The concept of the PortJ Project is to provide the world community with a clean, easy-to-adopt, easy-to-impliment, free and open source programming tool to "repair and replace" the programming language known as "Java".
Java was started by Sun Microsystems in 1995, ALMOST became an ISO/IEC standard in 1997, became open source under the GPL in 2007, was purposely polluted by Microsoft to weaken it's value, then branched to become ".NET" to directly compete. And now we find that Oracle is suing Google for somehow mis-using Java in Android phones. (article)
I've been programming in Java for a long time, specifically for the portability and the ease of use of Applets in webpages, as well as the low cost-to-entry. The idea makes sense, but the politics behind Java make it's use unpalatable and, well, scary. As an individual developer, I'm afraid of what Oracle might decide to do with Java in the future, or what they will end up forcing other companies to do. Applets have never become as seamless as Adobe's Flash became, and open source alternate Java Virtual Machines never seem to be able to become fully compatible.

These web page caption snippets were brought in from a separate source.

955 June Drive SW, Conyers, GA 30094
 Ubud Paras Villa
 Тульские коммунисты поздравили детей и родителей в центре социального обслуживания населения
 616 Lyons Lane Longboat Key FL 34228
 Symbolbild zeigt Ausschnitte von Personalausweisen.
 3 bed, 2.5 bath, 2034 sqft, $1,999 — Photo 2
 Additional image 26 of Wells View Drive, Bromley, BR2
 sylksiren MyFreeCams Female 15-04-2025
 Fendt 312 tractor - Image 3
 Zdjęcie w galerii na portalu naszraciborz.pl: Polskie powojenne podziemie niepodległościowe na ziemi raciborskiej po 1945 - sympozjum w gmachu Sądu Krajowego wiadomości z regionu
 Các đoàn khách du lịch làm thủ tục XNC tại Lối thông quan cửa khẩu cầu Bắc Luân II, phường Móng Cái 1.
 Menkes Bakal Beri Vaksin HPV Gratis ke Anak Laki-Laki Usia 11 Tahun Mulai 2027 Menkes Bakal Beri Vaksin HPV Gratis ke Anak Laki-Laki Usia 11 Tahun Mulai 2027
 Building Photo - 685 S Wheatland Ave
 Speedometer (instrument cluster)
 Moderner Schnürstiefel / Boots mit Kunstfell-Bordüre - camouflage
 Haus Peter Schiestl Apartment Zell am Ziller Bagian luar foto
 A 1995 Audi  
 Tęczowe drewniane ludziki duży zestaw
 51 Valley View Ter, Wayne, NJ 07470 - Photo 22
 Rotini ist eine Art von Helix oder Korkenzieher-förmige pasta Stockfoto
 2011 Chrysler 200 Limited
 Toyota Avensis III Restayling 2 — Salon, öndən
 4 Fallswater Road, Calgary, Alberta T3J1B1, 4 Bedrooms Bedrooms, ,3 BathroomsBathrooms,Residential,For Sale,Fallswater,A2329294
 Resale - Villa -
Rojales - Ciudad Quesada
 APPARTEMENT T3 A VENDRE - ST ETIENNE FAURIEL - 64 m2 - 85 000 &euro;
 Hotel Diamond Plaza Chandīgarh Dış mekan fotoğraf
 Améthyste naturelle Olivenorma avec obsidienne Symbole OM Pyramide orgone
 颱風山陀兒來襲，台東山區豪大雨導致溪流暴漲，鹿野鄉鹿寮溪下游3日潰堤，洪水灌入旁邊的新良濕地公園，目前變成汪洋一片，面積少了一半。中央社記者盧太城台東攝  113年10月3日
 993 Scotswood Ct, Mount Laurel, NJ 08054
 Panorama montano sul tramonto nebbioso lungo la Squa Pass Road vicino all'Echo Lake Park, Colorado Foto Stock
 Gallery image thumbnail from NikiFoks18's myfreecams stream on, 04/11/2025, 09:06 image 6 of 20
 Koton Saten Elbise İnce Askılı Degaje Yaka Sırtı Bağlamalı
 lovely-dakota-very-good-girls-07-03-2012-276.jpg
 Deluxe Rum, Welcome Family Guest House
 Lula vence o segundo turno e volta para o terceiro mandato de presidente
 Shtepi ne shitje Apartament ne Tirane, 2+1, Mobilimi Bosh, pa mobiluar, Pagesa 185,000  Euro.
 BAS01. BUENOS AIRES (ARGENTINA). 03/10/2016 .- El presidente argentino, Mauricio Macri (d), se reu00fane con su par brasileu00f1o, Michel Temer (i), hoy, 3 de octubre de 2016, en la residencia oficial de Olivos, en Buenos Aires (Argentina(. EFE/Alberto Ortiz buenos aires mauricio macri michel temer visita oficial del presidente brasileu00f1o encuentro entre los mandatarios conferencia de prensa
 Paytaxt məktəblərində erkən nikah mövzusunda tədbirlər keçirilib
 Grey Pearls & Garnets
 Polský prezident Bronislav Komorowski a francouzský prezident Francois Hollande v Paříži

PortJ is my attempt to solve this delemma, not just for myself but for any other developers who feel the need to be free of the political tempest that is Java's history and existence.
I am looking for a volunteer team to build PortJ, in code as well as vision and legal presence/persistence. I do not want to simply build a new version of Java, I want to learn from the mistakes made, employ new technological developments, and attempt to make something clean and useful for us, and for the future.
Well, it looks as though Google wasn't breaking the laws that Oracle thought they were, so Oracle can't cash in on Android for "Damages". This is a good thing in my book because Google shouldn't be punished for using an open source programming language, just because the company that started the language was purchased. Oracle shouldn't be rewarded for guessing that some large companies may have possibly violated a law somewhere, that the company they purchased didn't see or pursue.
The situation still isn't as safe or free as it should be, but for now I think Oracle will think twice before wagging the sue stick with Java on it.1/10/2013
The United States Department of Homeland Security urges users to disable the Java browser plugin or uninstall Java completely. The problem is that malicious people have, not for the first time, found a way to break out of the Java applet sandbox and download and run local programs on a user's computer without the user knowing. This means that a website can be cracked by one of these black-hats, one line of code can be inserted into one file, and then everyone who visits the invaded site will unknowningly download and run a program of the invader's choosing.
This is an ongoing problem for Java, one that they keep finding and patching just for someone else to find another hole to waltz through. I see the problem as foundational: the Language does not make a solid distinction between internal within-the-sandbox function and external outside-the-sandbox function. One uses the same APIs for both.
If a program were forced to use a "Sandbox API" for ALL external access, it would be much easier from a plugin perspective to ensure that no unauthorized code could operate outside the sandbox.